René Burri/MagnumPhotos/Agentur Focus, Ernesto Guevara, Havana 1963
Flo Peters Gallery Mönckebergstraße 7 20095 Hamburg Allemagne
In November Flo Peters Gallery will present René Burri, one of the last remaining great photography legends of the 20th century. The show gives a comprehensive insight into the work of the Swiss photographer and takes the observer onto a journey through the 20th century: From Swiss rural life to roman dolce Vita as well as Argentinean Gauchos and impressions of Maoist China René Burri did nothing less than photo imposing pure History onto paper. With portraits of for example Le Corbusier, Alberto Giacometti or Che Guevara, René Burri eternalized some of the most influential figures of the 20th century.
René Burri was born in April 1933 in Zurich and studied at the Zurich School of Arts and Crafts from the age of 16. In 1950 he already had progressed to the master class of Photographer Hans Finsler, himself a representative of the so called Straight Photography, who greatly influenced René Burri's creative eye. In the first two years after his exams he not only concentrated on photography but also on film. Amongst others he worked as a cameraman for the Walt Disney Film Production in Switzerland and also shared a studio with Walter Binder.

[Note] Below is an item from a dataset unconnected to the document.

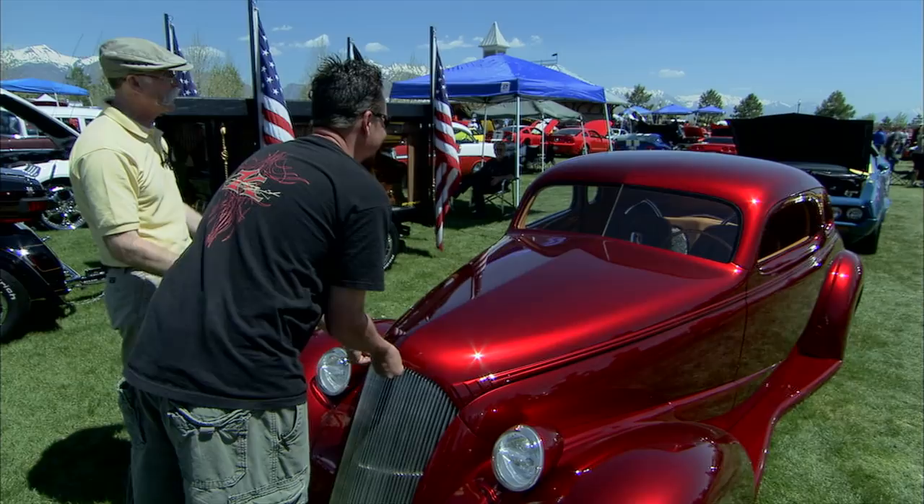It really is stunning. You did a fabulous job — you are a true artist. Thank you very much Dennis. Gorgeous car, man. Thank you.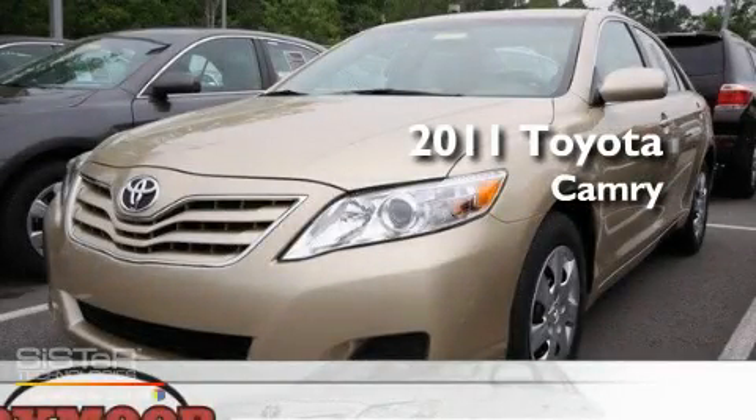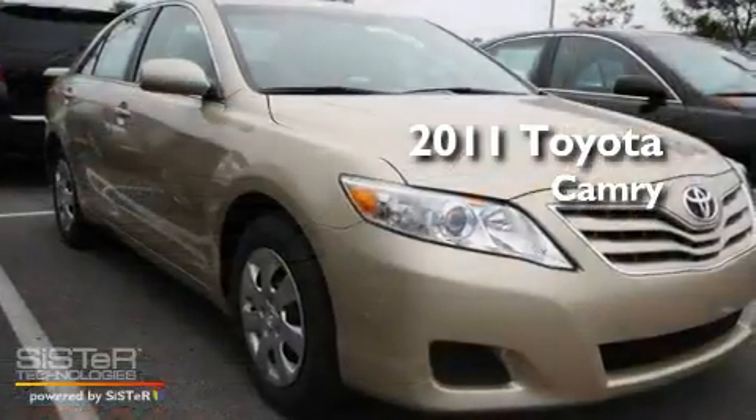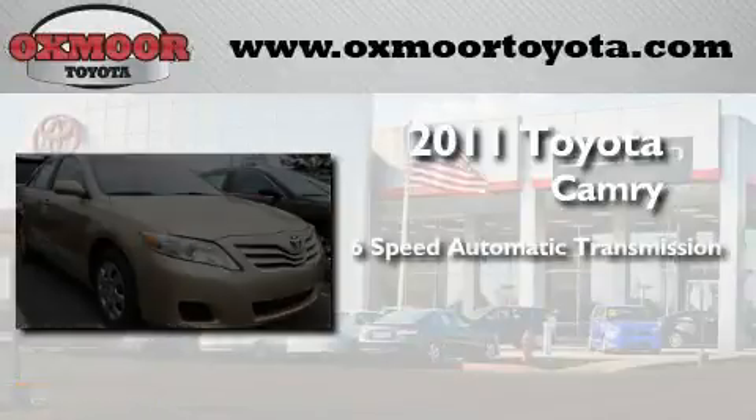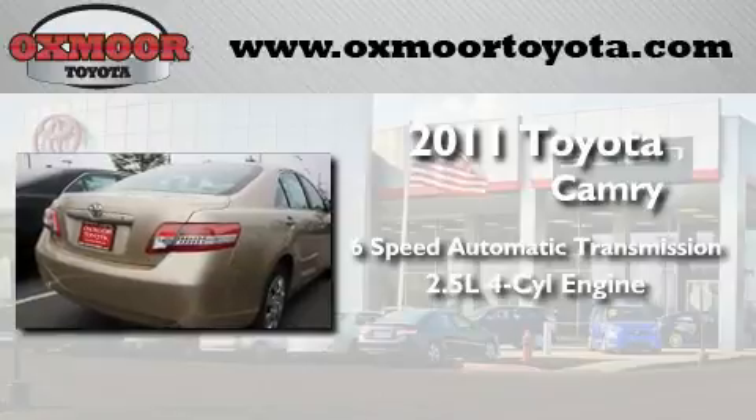This is a brand new 2011 Toyota Camry. This four-door sedan has a six-speed automatic transmission and an inline four-cylinder engine.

His first essay of Photographs was published in 1955 in the magazine Science & Vie. On initiative of the renowned Photography agency Magnum the same series was also published in Münchner Illustrierte and LIFE-Magazine. After a second manifold published photo essay about Le Corbusier's spectacular Chapel of Notre-Dame du Haut in Ronchamp many groundbreaking photo-trips around the world should follow. These were to pave the way for first membership in 1956 and full membership in 1959 at Magnum.
The exhibition René Burri - Retrospective. Five Decades of a Great Photographer at Flo Peters Gallery shows photographs from over five decades of René Burri's work. World famous documentary photographs from South Korea, Vietnam or Brazil as well as pictures of friends and colleagues such as Yves Klein, Ingrid Bergman, Henri Cartier-Bresson or Robert Frank will not be missed. Furthermore the exhibition will show works from one of his most exciting and famous essay Die Deutschen (The Germans) in which he brilliantly documented post-war everyday life in West- and Eastern Germany. The Gallery is also proud to present selected photographs of the recently published essay of the New York Black Out in 1965.